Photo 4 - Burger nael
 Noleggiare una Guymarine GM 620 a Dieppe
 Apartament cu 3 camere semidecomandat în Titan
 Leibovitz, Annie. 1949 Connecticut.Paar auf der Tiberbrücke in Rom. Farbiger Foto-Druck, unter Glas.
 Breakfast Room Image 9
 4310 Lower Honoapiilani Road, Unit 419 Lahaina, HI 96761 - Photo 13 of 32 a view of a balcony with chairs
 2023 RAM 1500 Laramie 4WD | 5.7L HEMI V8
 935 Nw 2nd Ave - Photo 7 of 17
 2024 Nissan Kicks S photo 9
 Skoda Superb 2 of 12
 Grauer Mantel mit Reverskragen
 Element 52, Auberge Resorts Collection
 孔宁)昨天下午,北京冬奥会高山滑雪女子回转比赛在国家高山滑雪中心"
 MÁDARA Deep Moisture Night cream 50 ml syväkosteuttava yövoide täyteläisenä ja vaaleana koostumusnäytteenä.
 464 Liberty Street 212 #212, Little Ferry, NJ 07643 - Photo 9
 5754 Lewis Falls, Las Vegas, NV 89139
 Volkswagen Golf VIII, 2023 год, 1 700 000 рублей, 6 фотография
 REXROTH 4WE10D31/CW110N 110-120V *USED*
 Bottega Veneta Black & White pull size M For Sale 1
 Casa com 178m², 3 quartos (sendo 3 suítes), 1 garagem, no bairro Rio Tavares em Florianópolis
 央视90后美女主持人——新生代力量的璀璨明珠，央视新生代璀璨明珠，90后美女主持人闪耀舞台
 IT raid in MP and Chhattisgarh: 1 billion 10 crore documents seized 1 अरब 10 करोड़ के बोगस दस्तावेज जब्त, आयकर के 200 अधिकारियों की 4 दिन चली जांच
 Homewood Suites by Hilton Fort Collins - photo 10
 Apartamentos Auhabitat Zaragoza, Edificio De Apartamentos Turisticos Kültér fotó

◆ To do ◆
Output every line of the data again, exactly.

◆ Exercise solution ◆
Photo 4 - Burger nael
 Noleggiare una Guymarine GM 620 a Dieppe
 Apartament cu 3 camere semidecomandat în Titan
 Leibovitz, Annie. 1949 Connecticut.Paar auf der Tiberbrücke in Rom. Farbiger Foto-Druck, unter Glas.
 Breakfast Room Image 9
 4310 Lower Honoapiilani Road, Unit 419 Lahaina, HI 96761 - Photo 13 of 32 a view of a balcony with chairs
 2023 RAM 1500 Laramie 4WD | 5.7L HEMI V8
 935 Nw 2nd Ave - Photo 7 of 17
 2024 Nissan Kicks S photo 9
 Skoda Superb 2 of 12
 Grauer Mantel mit Reverskragen
 Element 52, Auberge Resorts Collection
 孔宁)昨天下午,北京冬奥会高山滑雪女子回转比赛在国家高山滑雪中心"
 MÁDARA Deep Moisture Night cream 50 ml syväkosteuttava yövoide täyteläisenä ja vaaleana koostumusnäytteenä.
 464 Liberty Street 212 #212, Little Ferry, NJ 07643 - Photo 9
 5754 Lewis Falls, Las Vegas, NV 89139
 Volkswagen Golf VIII, 2023 год, 1 700 000 рублей, 6 фотография
 REXROTH 4WE10D31/CW110N 110-120V *USED*
 Bottega Veneta Black & White pull size M For Sale 1
 Casa com 178m², 3 quartos (sendo 3 suítes), 1 garagem, no bairro Rio Tavares em Florianópolis
 央视90后美女主持人——新生代力量的璀璨明珠，央视新生代璀璨明珠，90后美女主持人闪耀舞台
 IT raid in MP and Chhattisgarh: 1 billion 10 crore documents seized 1 अरब 10 करोड़ के बोगस दस्तावेज जब्त, आयकर के 200 अधिकारियों की 4 दिन चली जांच
 Homewood Suites by Hilton Fort Collins - photo 10
 Apartamentos Auhabitat Zaragoza, Edificio De Apartamentos Turisticos Kültér fotó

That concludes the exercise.